Don Caesar lifted his hat with sweet seriousness to the lady, with grave courtesy to the gentleman. While the lower half of this Centaur was apparently quivering with fury, and stamping the ground in his evident desire to charge upon the pair, the upper half, with natural dignity, looked from the one to the other, as if to leave the privilege of an explanation with them. But Mamie was too wise, and her companion too indifferent, to offer one. A slight shade passed over Don Caesar's face. To complicate the situation at that moment, the expected stagecoach came rattling by. With quick feminine intuition, Mamie caught in the faces of the driver and the expressman, and reflected in the mischievous eyes of her companion, a peculiar interpretation of their meeting, that was not removed by the whispered assurance of the editor that the passengers were anxiously looking back "to see the shooting."

The young Spaniard, equally oblivious of humor or curiosity, remained impassive.

"You know Mr. Slinn, of the 'Record," said Mamie, "don't you?"

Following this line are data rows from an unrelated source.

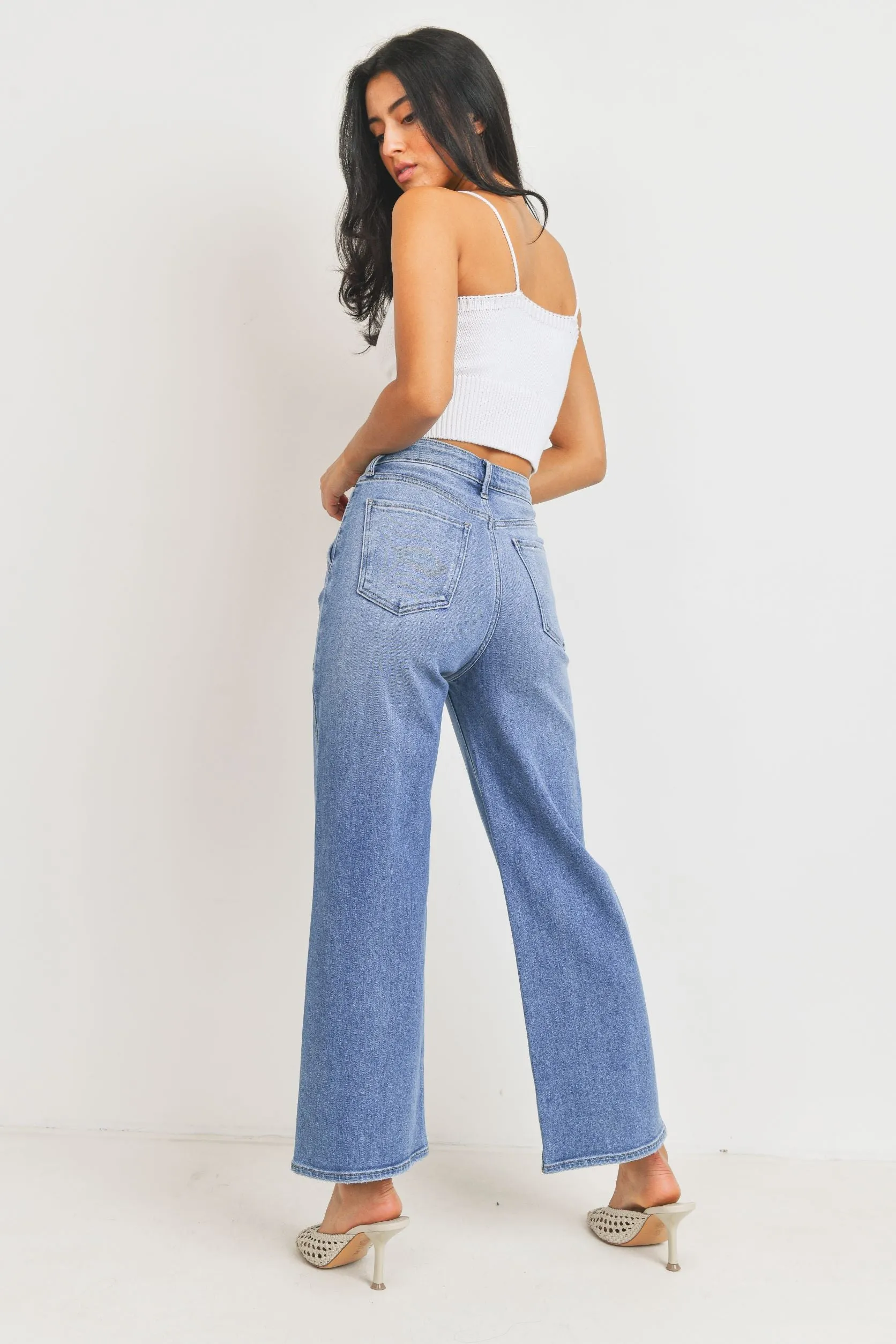 Jean taille haute poches cargo wide leg medium denim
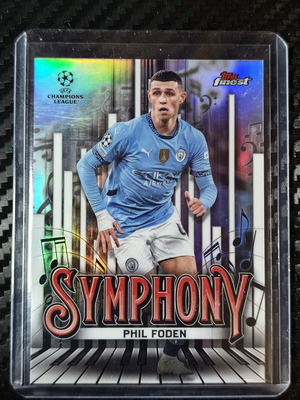 Phil Foden Symphony Refractor trading card, Topps Finest 2024-25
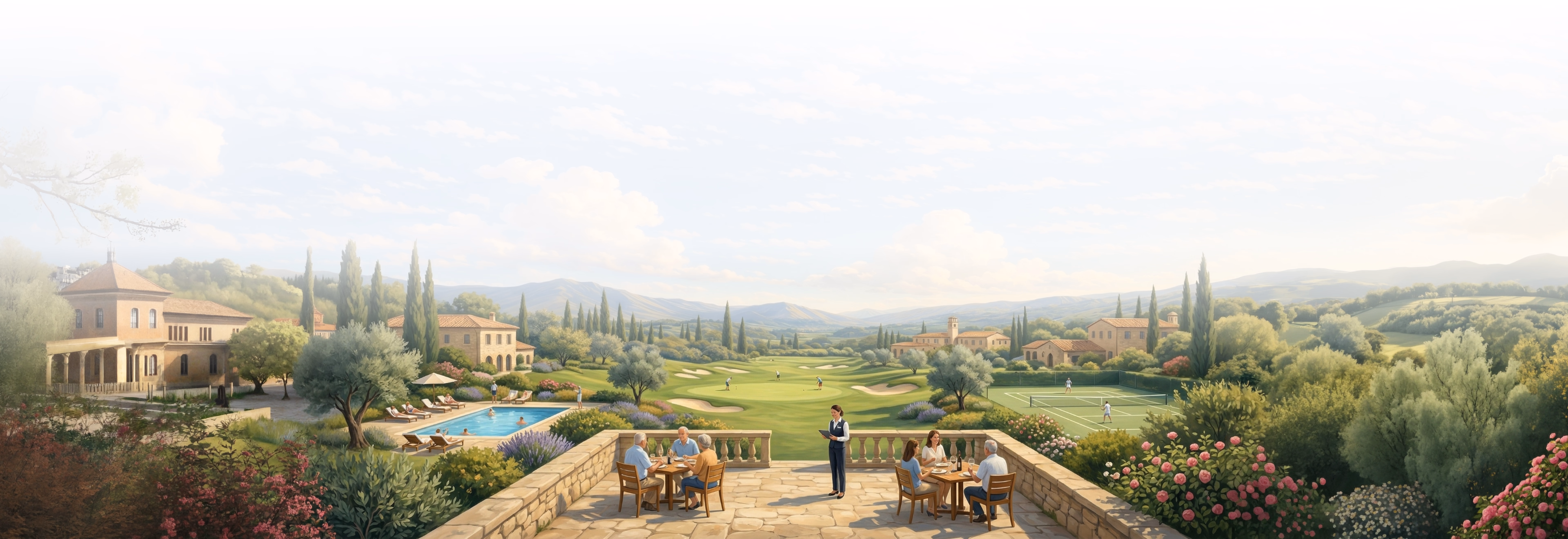 Tuscan villa terrace overlooking rolling hills, cypress trees, and manicured gardens with seated figures in foreground
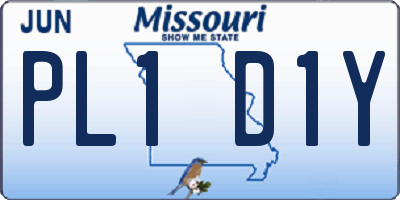 MO license plate PL1D1Y
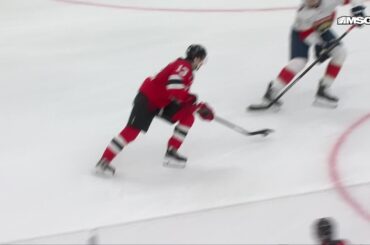 Nico Hischier scores a goal against the Florida Panthers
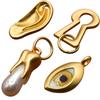 Decorative Sewing Charm Gold Alloy Button Pendants Set 10Pcs for DIY Clothes Bags Jewelry and Craft Projects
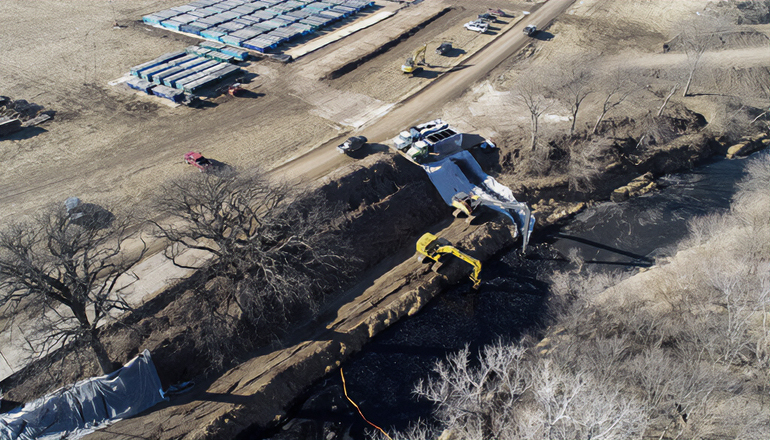 Keystone pipeline’s owner announced Mill Creek will be temporarily rerouted to help with cleanup (Photo submitted by TC Energy).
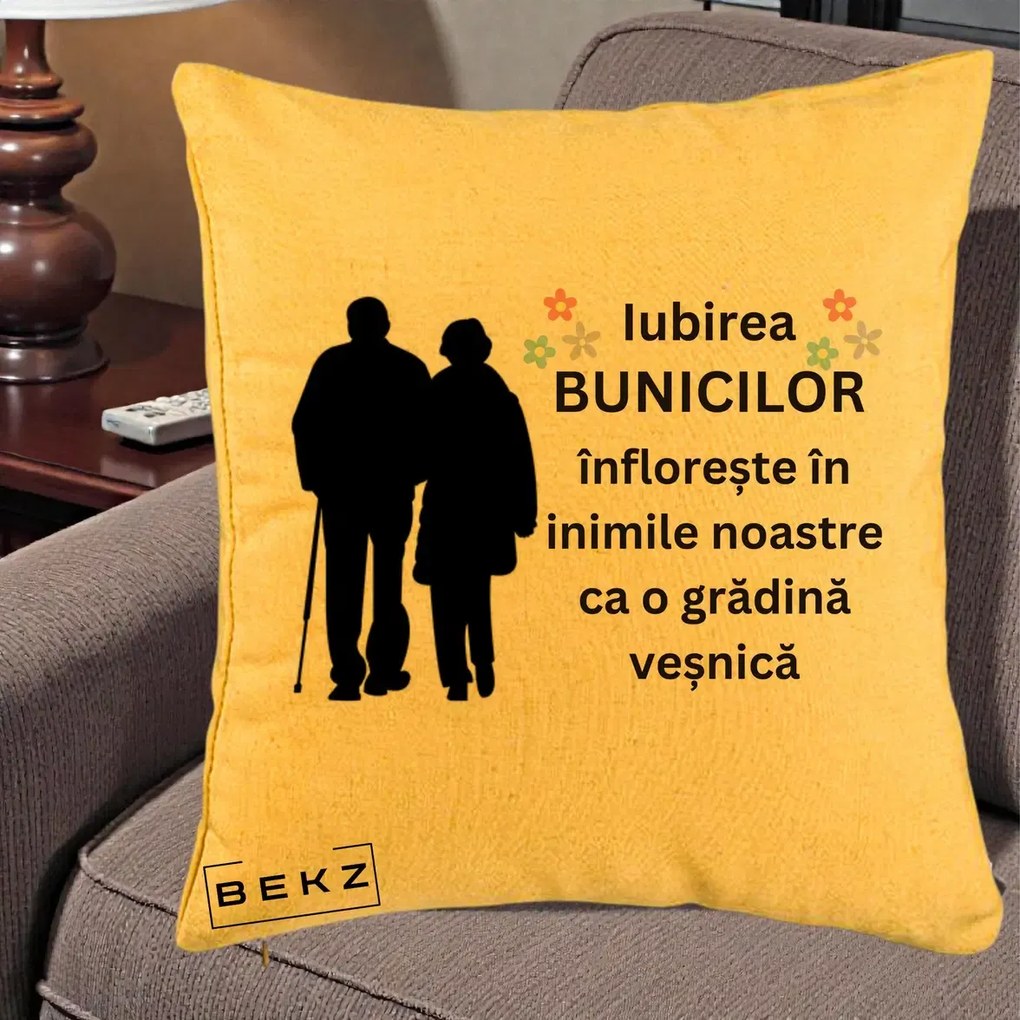 Cadou pentru Bunici - Perna Personalizata Bunicii Iubirea Infloreste Silueta Neagra Flori, 40x40 cm, Galben, Husa Detasabila, Perna Inclusa, BEKZ®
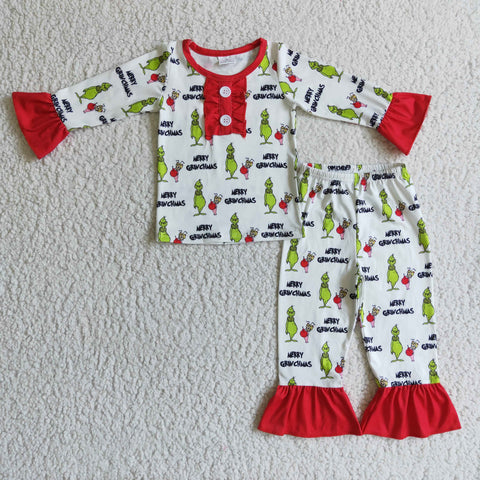 Green pattern child fancy lounge wear kids pajamas outfits baby girls' clothes sets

Don Caesar had never before met the Senor Esslinn. He was under the impression that it was a Senor Robinson that was of the "Record."

"Oh, HE was shot," said Slinn. "I'm taking his place."

"Bueno! To be shot too? I trust not."

Slinn looked quickly and sharply into Don Caesar's grave face. He seemed to be incapable of any double meaning. However, as he had no serious reason for awakening Don Caesar's jealousy, and very little desire to become an embarrassing third in this conversation, and possibly a burden to the young lady, he proceeded to take his leave of her. From a sudden feminine revulsion of sympathy, or from some unintelligible instinct of diplomacy, Mamie said, as she extended her hand, "I hope you'll find a home for your family near here. Mamma wants pa to let our old house. Perhaps it might suit you, if not too far from your work. You might speak to ma about it."

"Thank you; I will," responded the young man, pressing her hand with unaffected cordiality.

Don Caesar watched him until he had disappeared behind the wayside buckeyes.

"He is a man of family—this one—your countryman?"

It seemed strange to her to have a mere acquaintance spoken of as "her countryman"—not the first time nor the last time in her career. As there appeared no trace or sign of jealousy in her questioner's manner, she answered briefly but vaguely:

"Yes; it's a shocking story. His father disappeared some years ago, and he has just found him—a helpless paralytic—in the Sacramento Hospital. He'll have to support him—and they're very poor."

"So, then, they are not independent of each other always—these fathers and children of Americans!"